Rights-Based Community Practice (RBCP)
In the RBCP approach, the means are as important as the ends: the right of low income people to participate in processes and decisions that affect their lives, as individuals and communities, is as important as gaining access to the rights themselves.
The practice of human rights advocacy is linked to law and community organizations. Overall, the premise is that every person holds the same rights. Rights based community practice seeks to ensure the rule of law, increasing access to fundamental rights and entitlements. This requires a process of empowerment; a process whereby persons gain ability to influence relationships and to act independently. These relationships are personal, communal, institutional and political. Appropriate tools of empowerment to each level are essential elements of a model of human rights based practice.
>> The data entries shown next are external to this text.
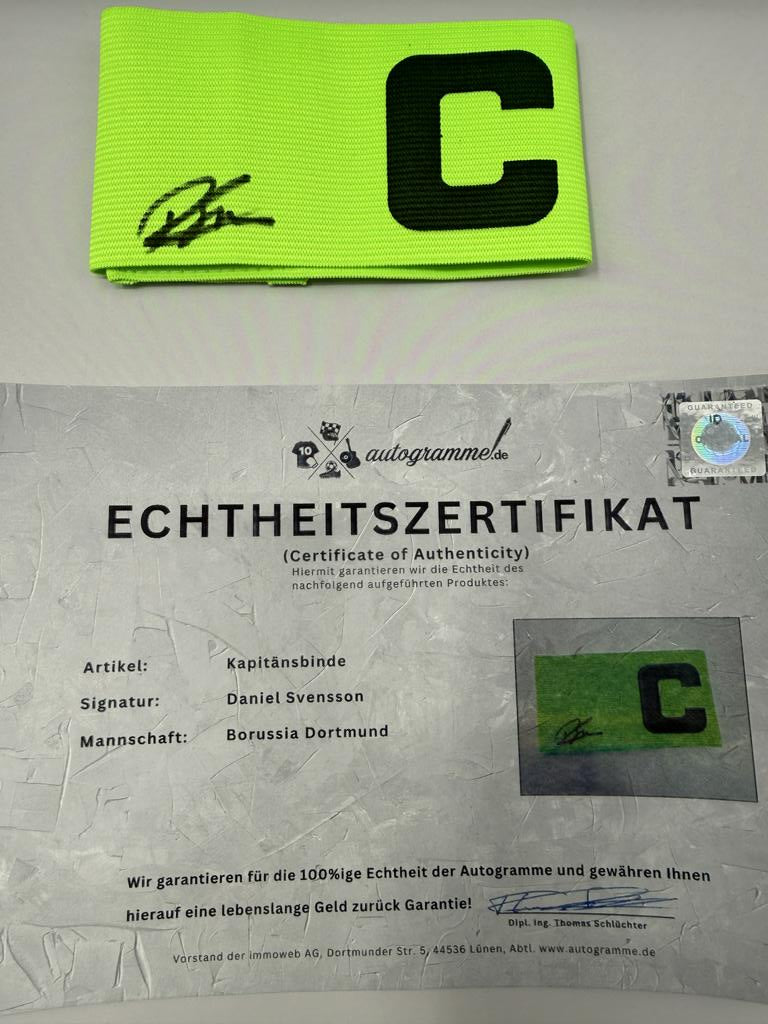 Kapitänsbinde Daniel Svensson signiert im Rahmen Borussia Dortmund COA
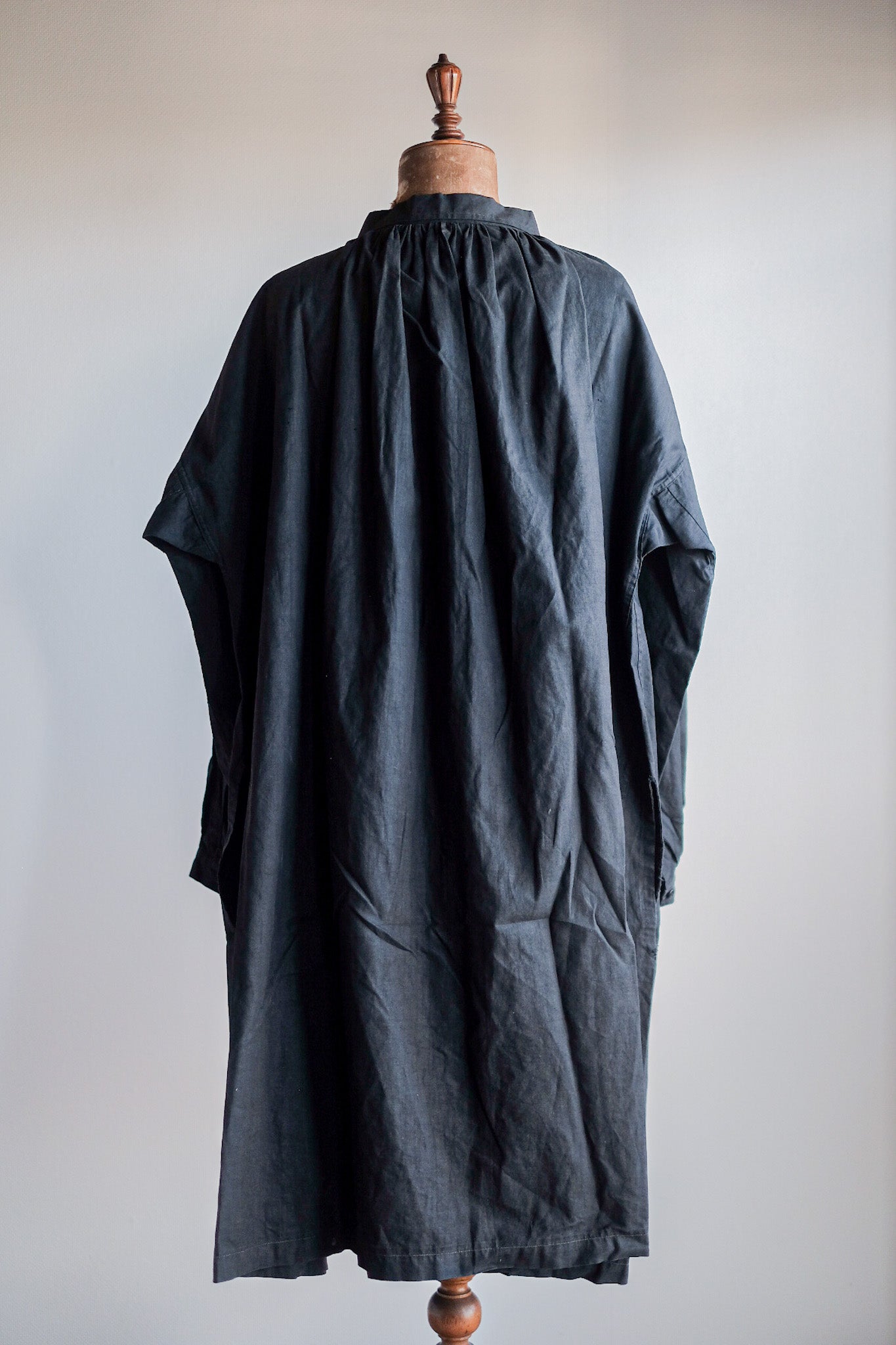 ［Early 20th C］French Antique Black Linen Smock "Biaude"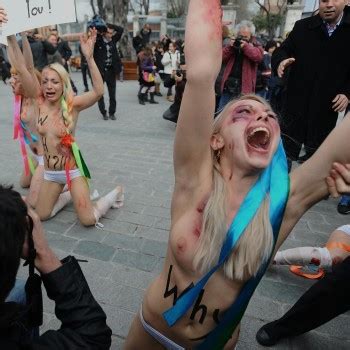 Naked Protesters Phun Org Forum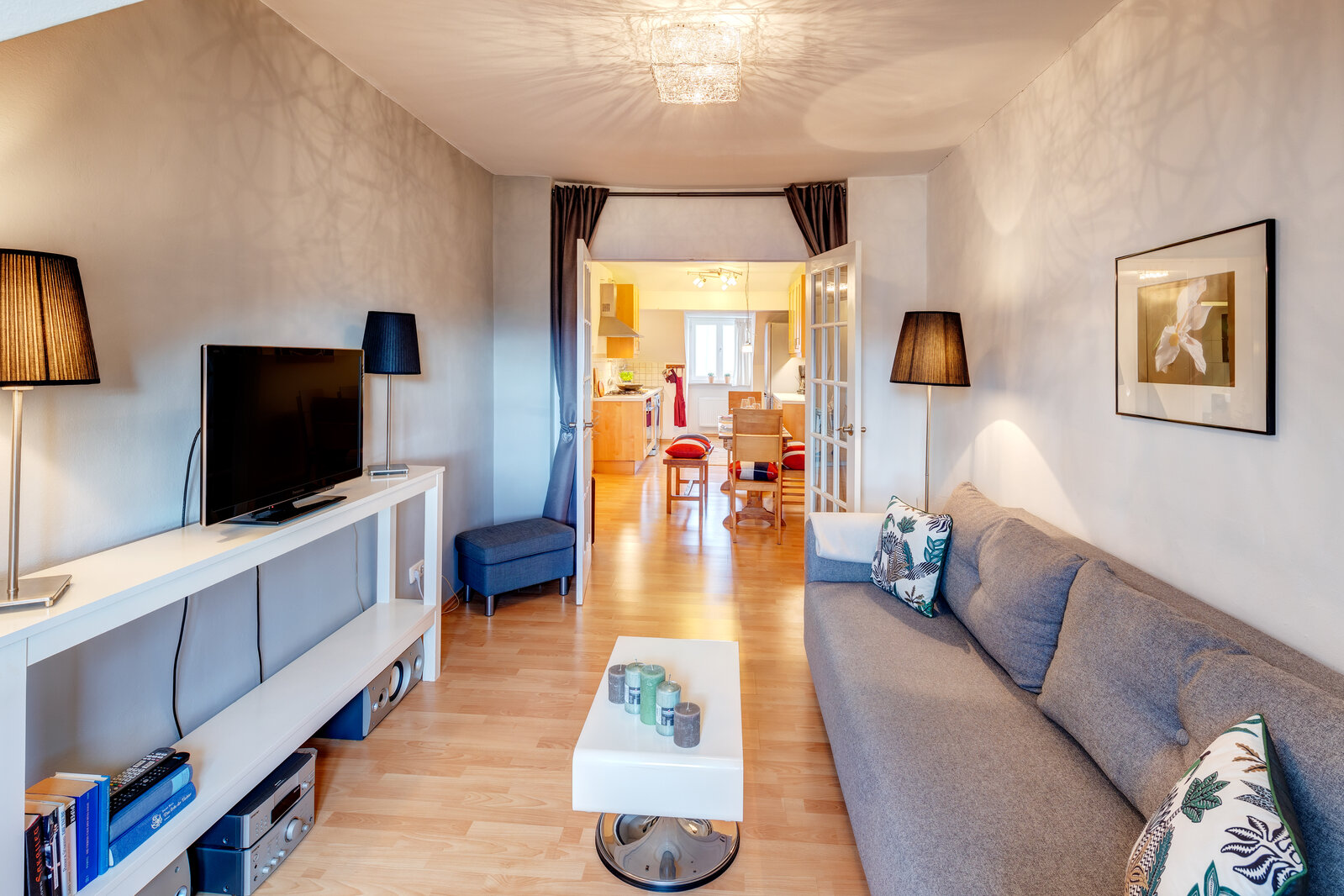 Furnished 3-room apartment in historic building - Photo 2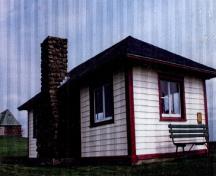 Vue en angle du gîte de l'abri de pique-nique, où l'on peut apercevoir le volume simple du bâtiment formé d’un bâtiment rectangulaire d’un étage, à toit en croupe, avec une cheminée massive en pierre, 1996.; Parks Canada Agency / Agence Parcs Canada, 1996.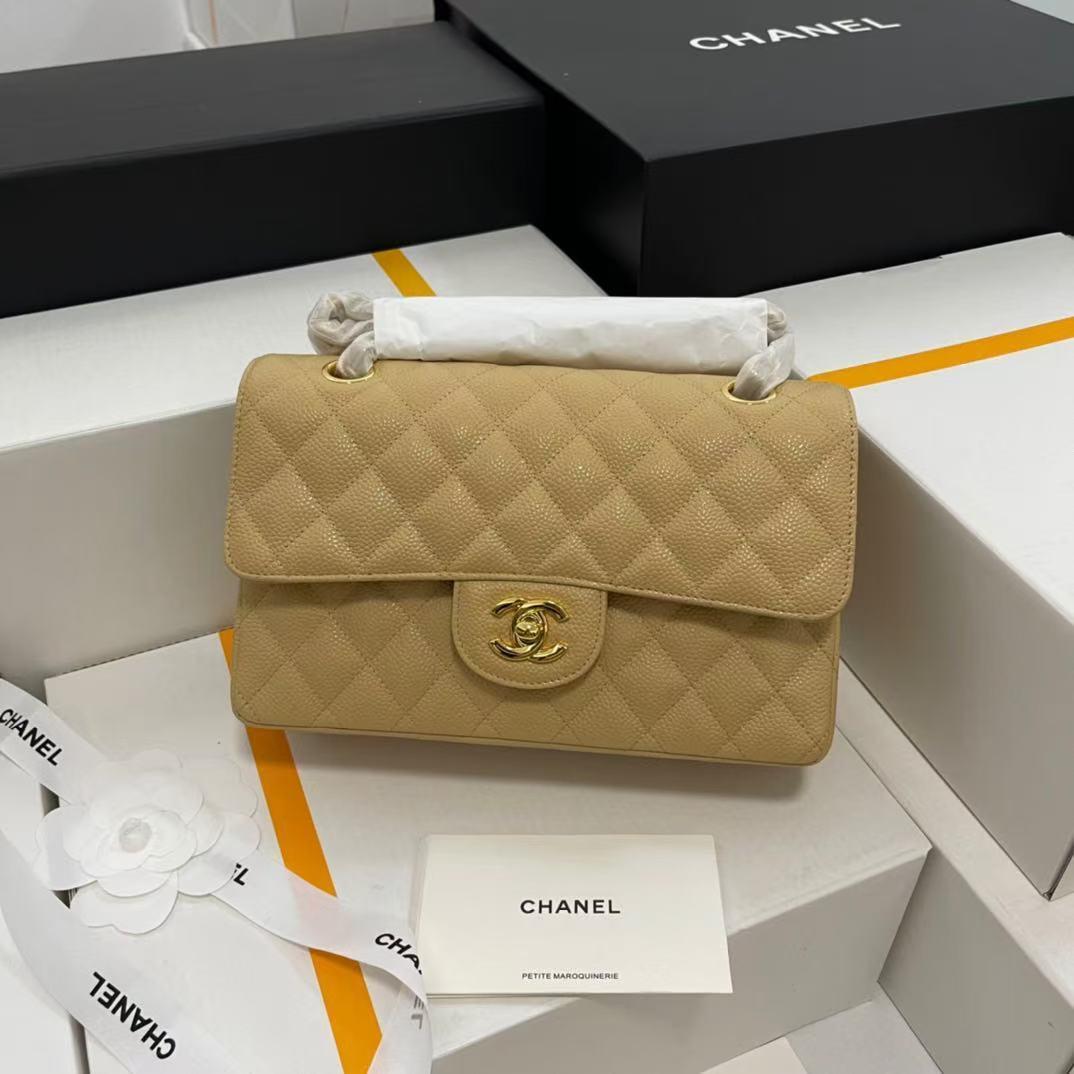 CHANEL ベージュ キルティング ショルダーバッグ - メルカリ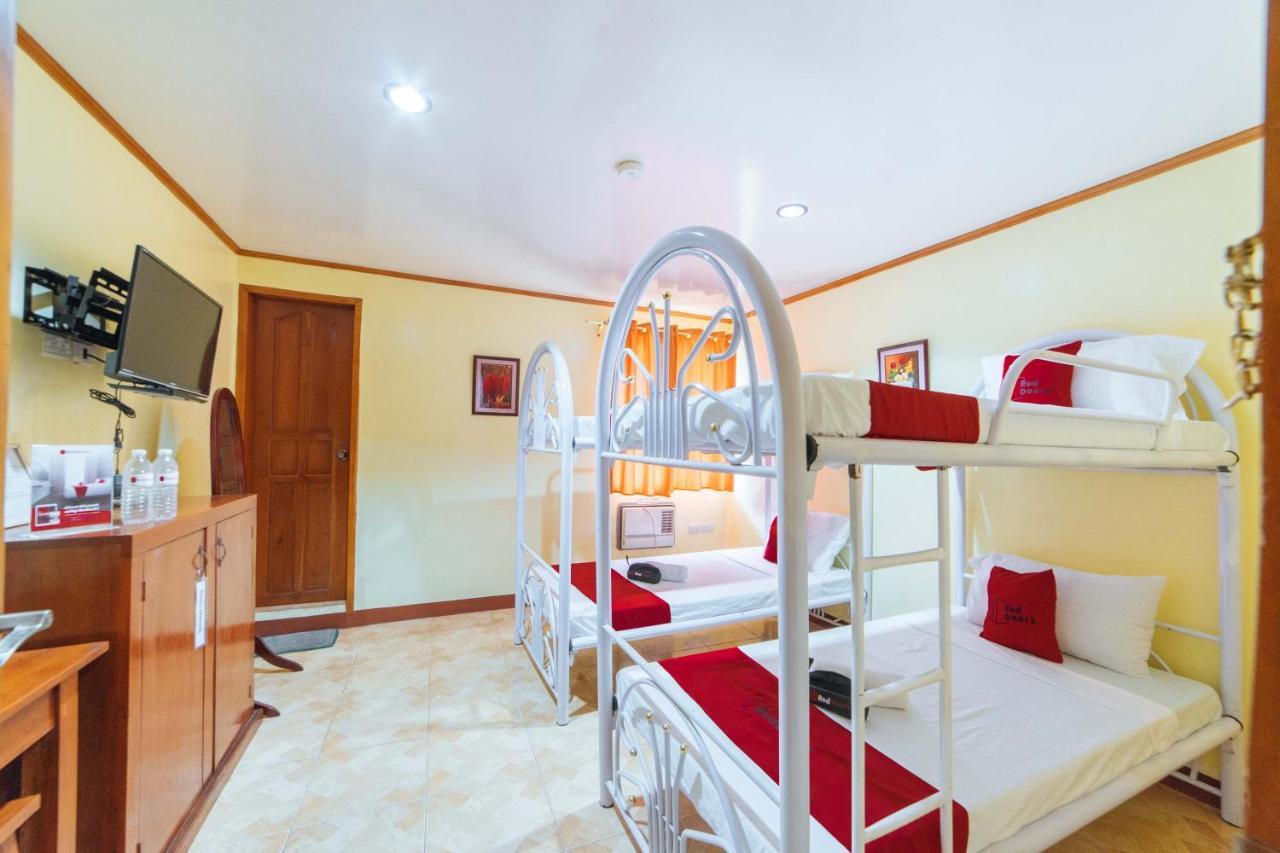 Reddoorz Near Golden Sarok Shrine Hotell Kalibo Eksteriør bilde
|Level||Disentitlement||Tools of Empowerment|
|Individual||Expressed when people believe, act or feel that they do not deserve equal treatment, that benefits and rights do not apply to them, and that they lack the resources or capacity to stand up for themselves.||Tools and resources are both internal and external. Internally they relate to personal power, self-confidence, trust and identity, which reflect inner strength and personal security. External resources are money, goods and services, legitimacy, information and status.|
|Communal||Occurs when the majority of persons constituting the same reference group do not receive sufficient resources or are excluded from influencing decisions that affect their collective welfare. Disentitled communities are those wherein people are alienated from each other as well as from their institutions. It creates a context that fosters fundamentalism and violence.||Organizing around issues that unite people rather than issues that divide them, developing democratic, autonomous organizations.|
|Institutional||Deals with issues of access and bureaucratic discretion as forms of rationing which limit the availability of resources. People are unable to access entitlements that were made available to them by law. The barriers can be either physical (distance, lack of resources) or psychological, cultural. This state is particularly experienced by the poor, elderly, unemployed, immigrants, etc.||Ensuring access, outreach, and participation in decision-making processes.|
|Political||Occurs in relation to laws and regulations that are discriminatory, contain arbitrary restrictions and privilege certain groups. When people lack opportunities to shape and influence events, to participate in decisions relating to their fundamental welfare, beliefs and aspirations, they become alienated from the society around them.||People become participants in decisions that affect them and are able to influence those decisions.|
The eleven RBCP centres currently in operation were developed in cooperation with ICAN's Palestinian, Israeli, and Jordanian partners. They were established in some of the most disadvantaged areas of the three societies, and though autonomous, they function under a shared conceptual umbrella.
Common practice structures that characterize the centres:
- They are located in the most disadvantaged and the most ethnically diverse communities in their respective cities. The centre’s location makes access for the poorest populations, those most disentitled, readily available.
- The centres offer walk-in services to address personal experiences of disentitlement. The service is offered primarily by volunteers from the community, many of whom have themselves experienced disentitlement and been assisted by the centres.
- The centres are volunteer-based. Community volunteers participate in decision making processes that impact on the policies of the practice centres, allowing for civilian oversight at different levels of policy and programming.
- The centres maintain a combined approach employing both social workers and lawyers, allowing non-state actors to take legal ownership and enhance civilian oversight of the legal system.
- The centres engage in outreach work to identify common legal and social issues of disentitlement and recruit the community and volunteers to organize around them.
- The centres counter communal, institutional and political levels of disentitlement through community organization, legal action and empowerment.
- Finally, the centres are academically linked, providing community residents with academic and institutional resources, and universities with progressive learning environments for community practice, research and volunteering.
The International Community Action Network (ICAN), formerly known as the McGill Middle East Program (MMEP), is committed to the belief that social justice is the most reliable foundation for strong, healthy societies.